(GIVEN DATA begins)

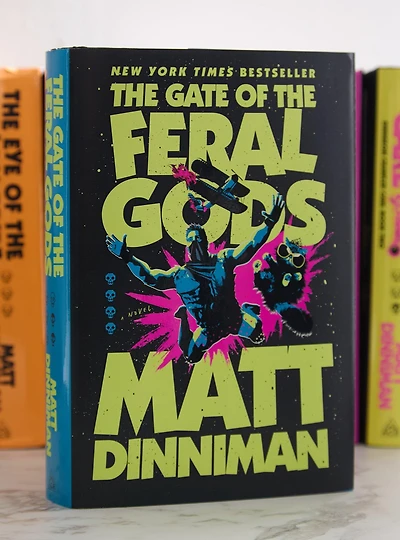 The Gate of The Feral Gods (Dungeon Crawler Carl #4)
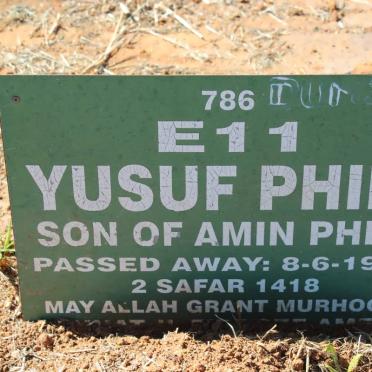 PHIRI Yusuf -1997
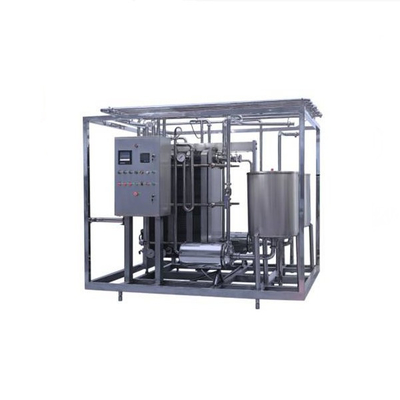 দুধের জন্য 8T/H SUS304 135-150 ডিগ্রী UHT পেস্টুরাইজার যন্ত্রপাতি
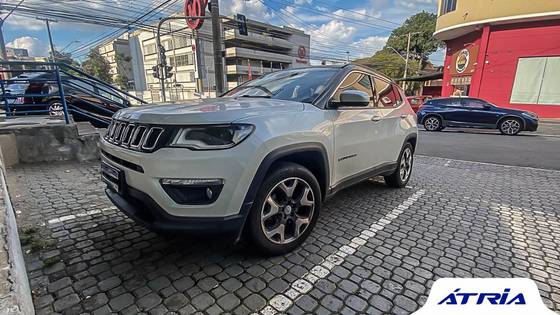 JEEP COMPASS 2.0 16V FLEX LONGITUDE AUTOMÁTICO JEEP COMPASS 2.0 16V FLEX LONGITUDE AUTOMÁTICO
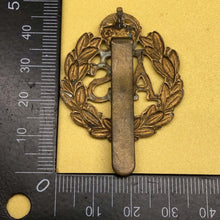 Load image into Gallery viewer, Original WW2 British Army Auxiliary Territorial Service Cap Badge - The Militaria Shop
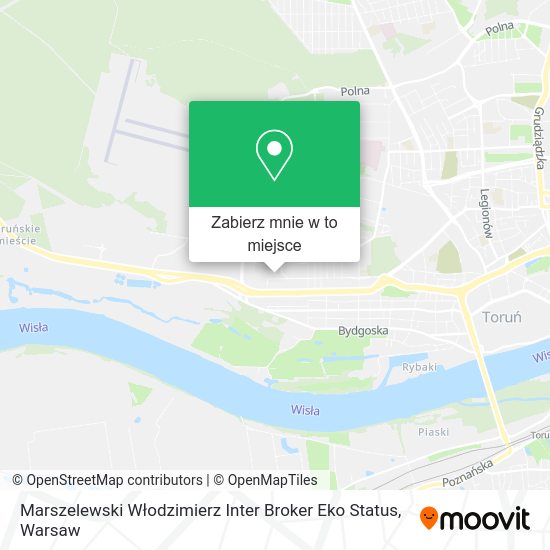 Mapa Marszelewski Włodzimierz Inter Broker Eko Status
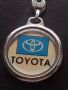 Стилен здрав ключодържател TOYOTA за ценители на марката 18430, снимка 2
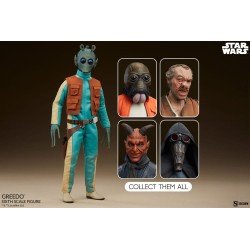 Star Wars figurine Scum & Villainy 1/6 Greedo 30 cm | 0000000100489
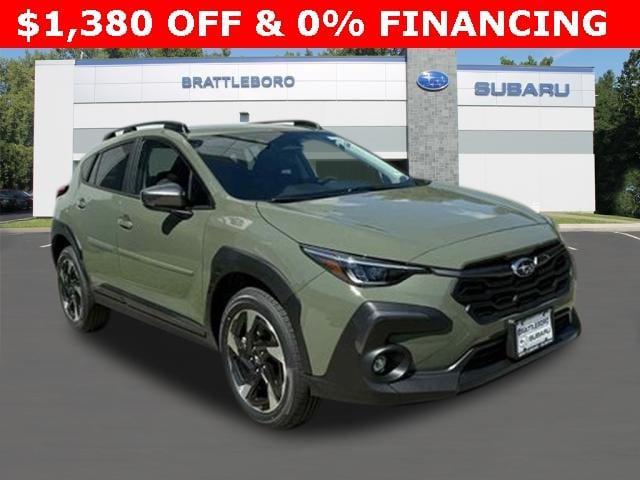 new 2025 Subaru Crosstrek car, priced at $35,309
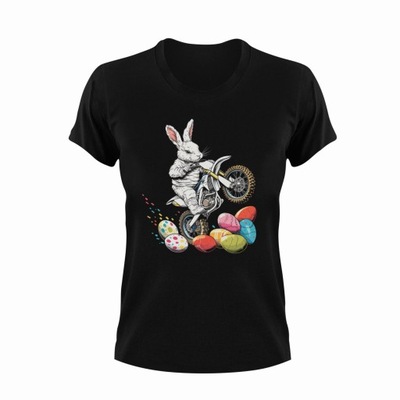 Koszulka Wielkanoc, t-shirt zając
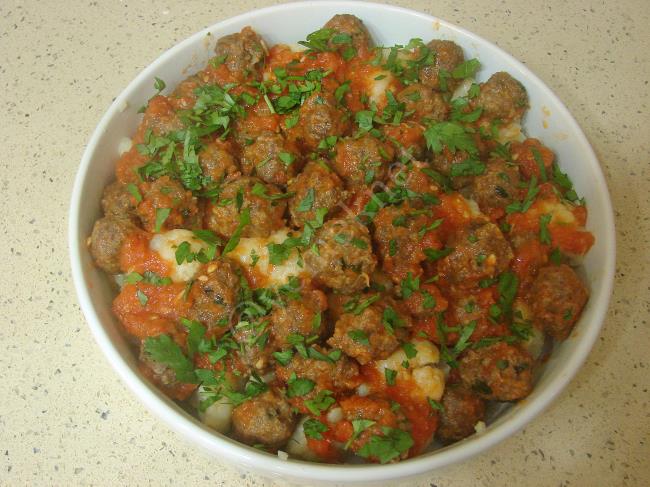 Fırında Karnabahar Yemeği - Yapılışı (12/20) 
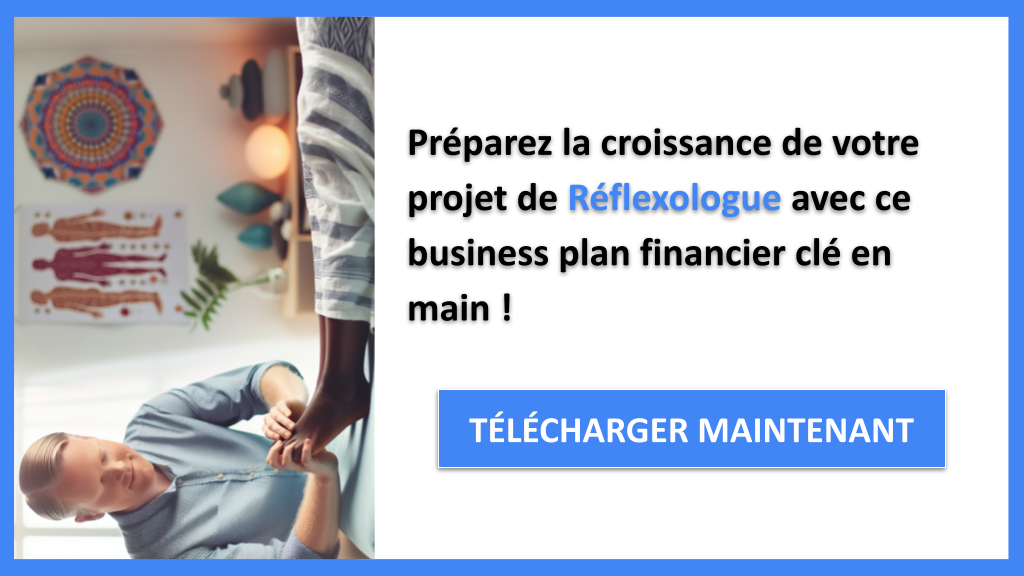 Exemple Business Plan pour Réflexologue - Réflexologue Plan financier Exemple- CTA3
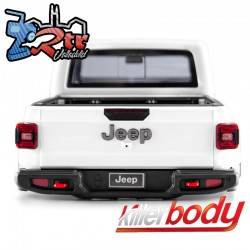 Carrocería KILLERBODY Jeep Gladiator Rubicon 1/10 Para 313mm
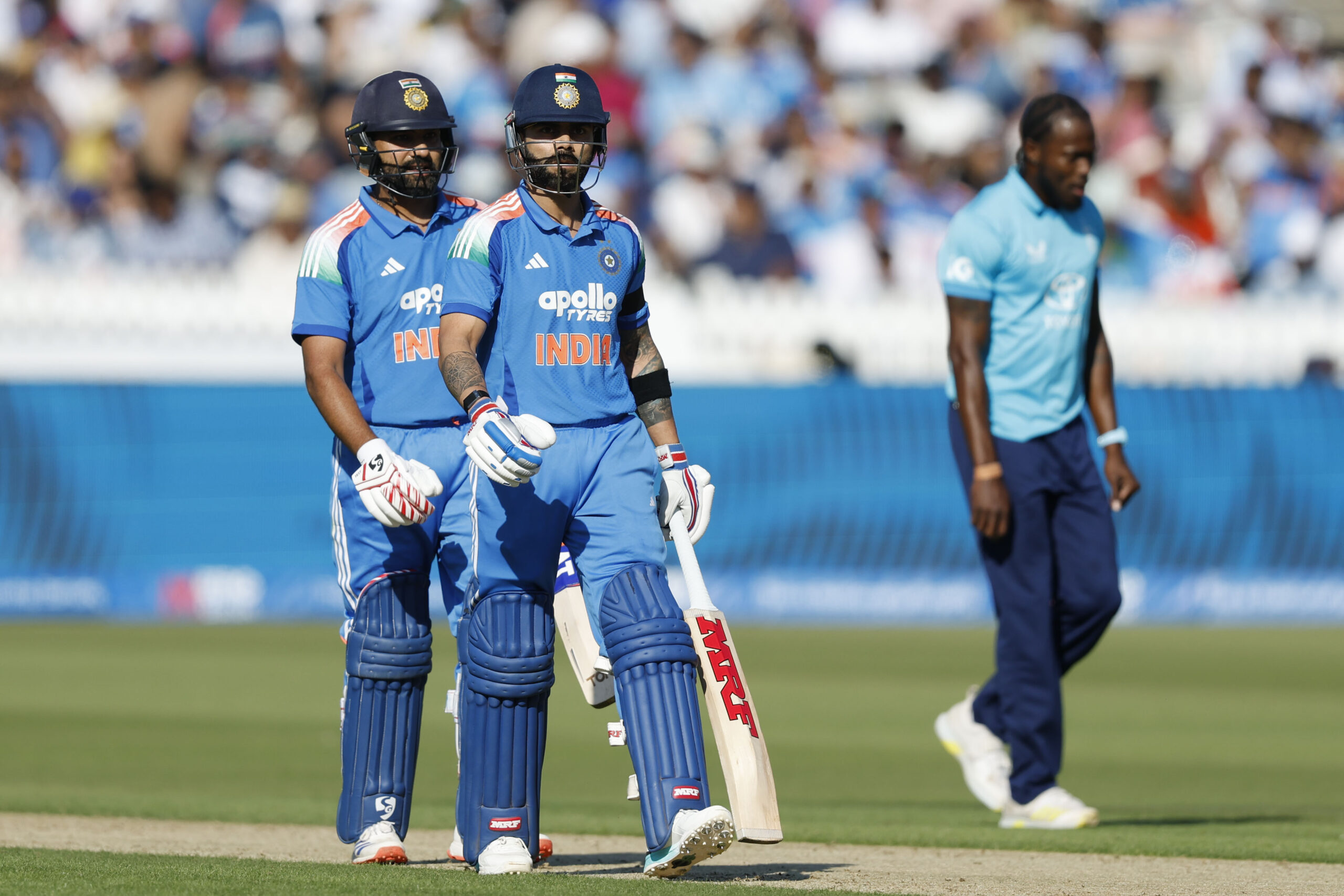 Virat Kohli and Rohit Sharma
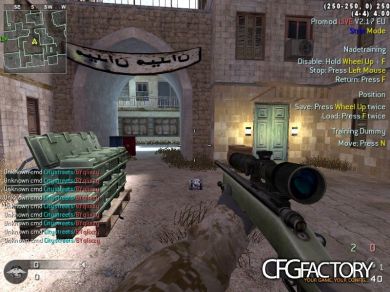 frnzy's CFG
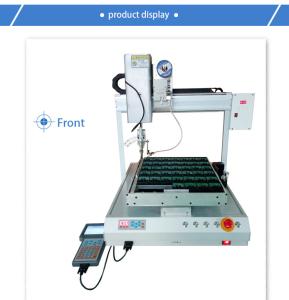 China XHL-L331 3-Axis Desktop Blowing-type Automatic Locking Screw Machine factory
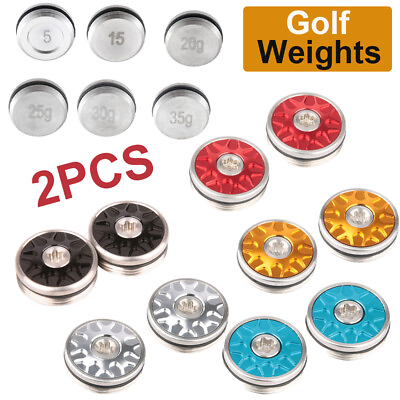 #ad 2pcs Golf Weights for Odyssey Stroke Lab O Works Putters 5g 35g for Option New $12.98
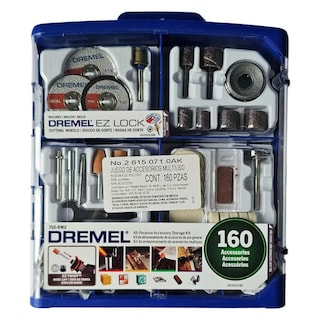 Foto 5 | Dremel 3000 + Kit 160 Pza Mandril Maletin 127v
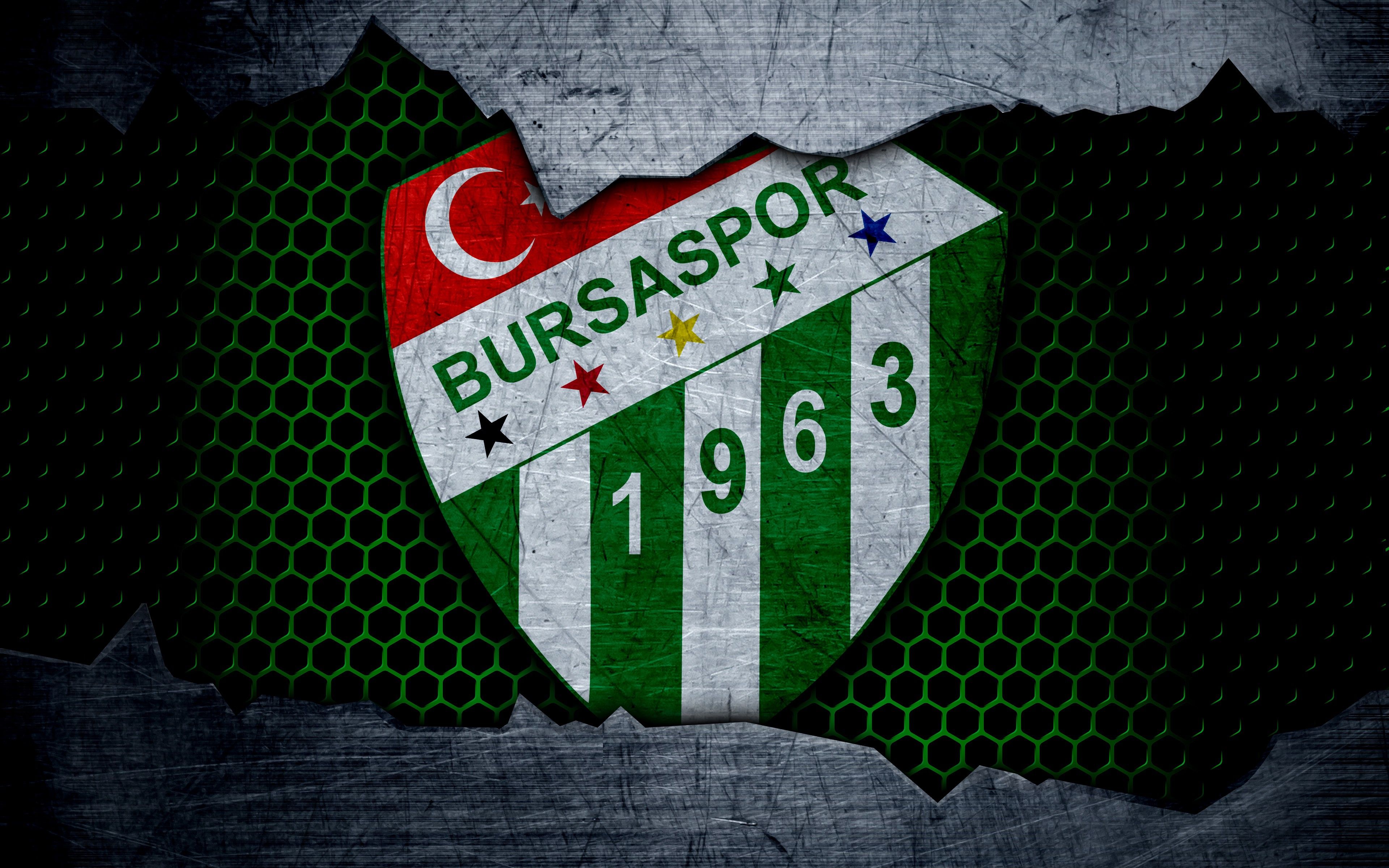3840x2400 Wallpaper wallpaper, logo, football, Sport, Bursaspor for mobile and desktop, section спорт, resolution 3840x2400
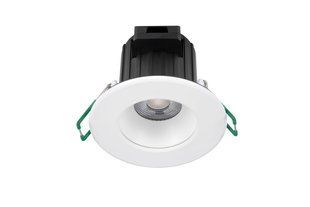 START Spot Aluminium 870LM 3CCT DIM IP65 WHT 8,7W Светильник врезной влагозащищенный круглый диммируемый с регулировкой цветовой температуры Sylvania (0005187) 0005187 фото
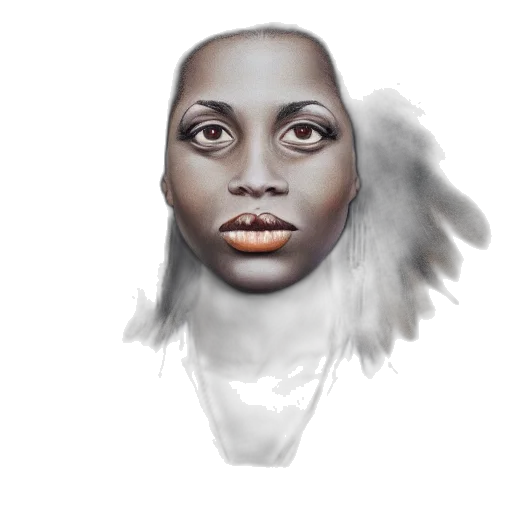 face, mask, photorealistic, fantasy art transparent PNG cut-out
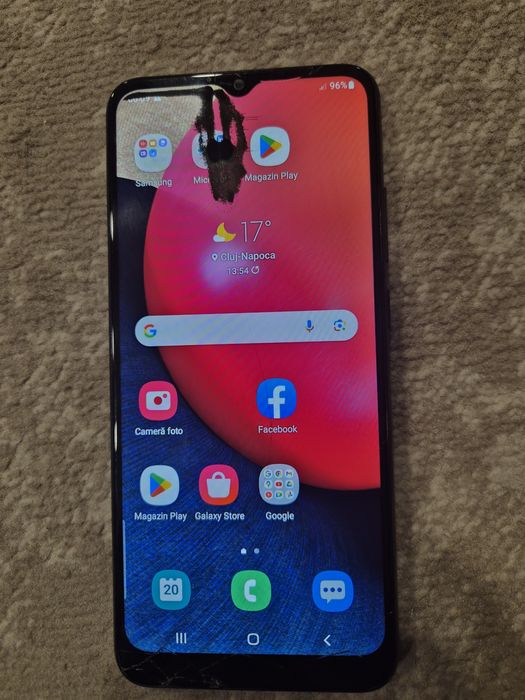 Samsung A02s ecran spart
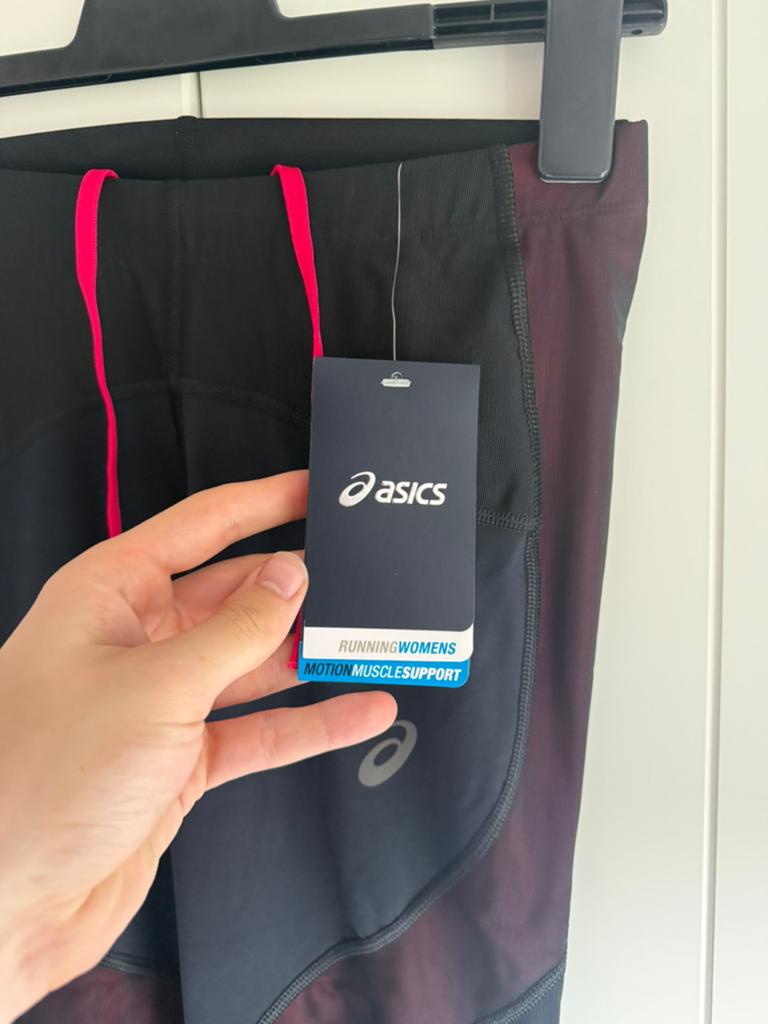 ASICS Running Legging / Sport Tights – NEW with tags, Zwart, Nieuw, Ophalen of Verzenden, Fitness of Aerobics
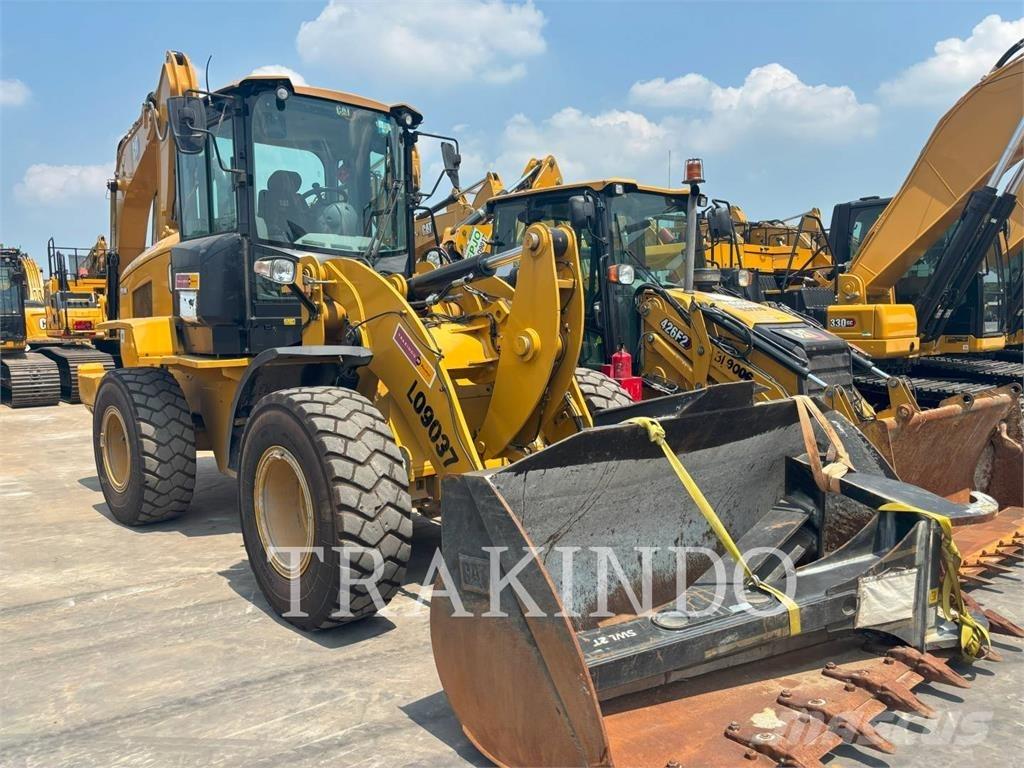 CAT 924K Incarcator pe pneuri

(GIVEN DATA ends)

■ **ACTIVITY**
The lines to repeat run from the line containing "Koszulka Wielkanoc, t-shirt zając" through the last line of the material above; give them exactly, without the pictures.

■ **ANSWER TO THE PROBLEM**
 Koszulka Wielkanoc, t-shirt zając
 Fırında Karnabahar Yemeği - Yapılışı (12/20) 
 Exemple Business Plan pour Réflexologue - Réflexologue Plan financier Exemple- CTA3
 Carrocería KILLERBODY Jeep Gladiator Rubicon 1/10 Para 313mm
 Virat Kohli and Rohit Sharma
 frnzy's CFG
 China XHL-L331 3-Axis Desktop Blowing-type Automatic Locking Screw Machine factory
 #ad 2pcs Golf Weights for Odyssey Stroke Lab O Works Putters 5g 35g for Option New $12.98
 Foto 5 | Dremel 3000 + Kit 160 Pza Mandril Maletin 127v
3840x2400 Wallpaper wallpaper, logo, football, Sport, Bursaspor for mobile and desktop, section спорт, resolution 3840x2400
 START Spot Aluminium 870LM 3CCT DIM IP65 WHT 8,7W Светильник врезной влагозащищенный круглый диммируемый с регулировкой цветовой температуры Sylvania (0005187) 0005187 фото
 face, mask, photorealistic, fantasy art transparent PNG cut-out
 Samsung A02s ecran spart
 ASICS Running Legging / Sport Tights – NEW with tags, Zwart, Nieuw, Ophalen of Verzenden, Fitness of Aerobics
 CAT 924K Incarcator pe pneuri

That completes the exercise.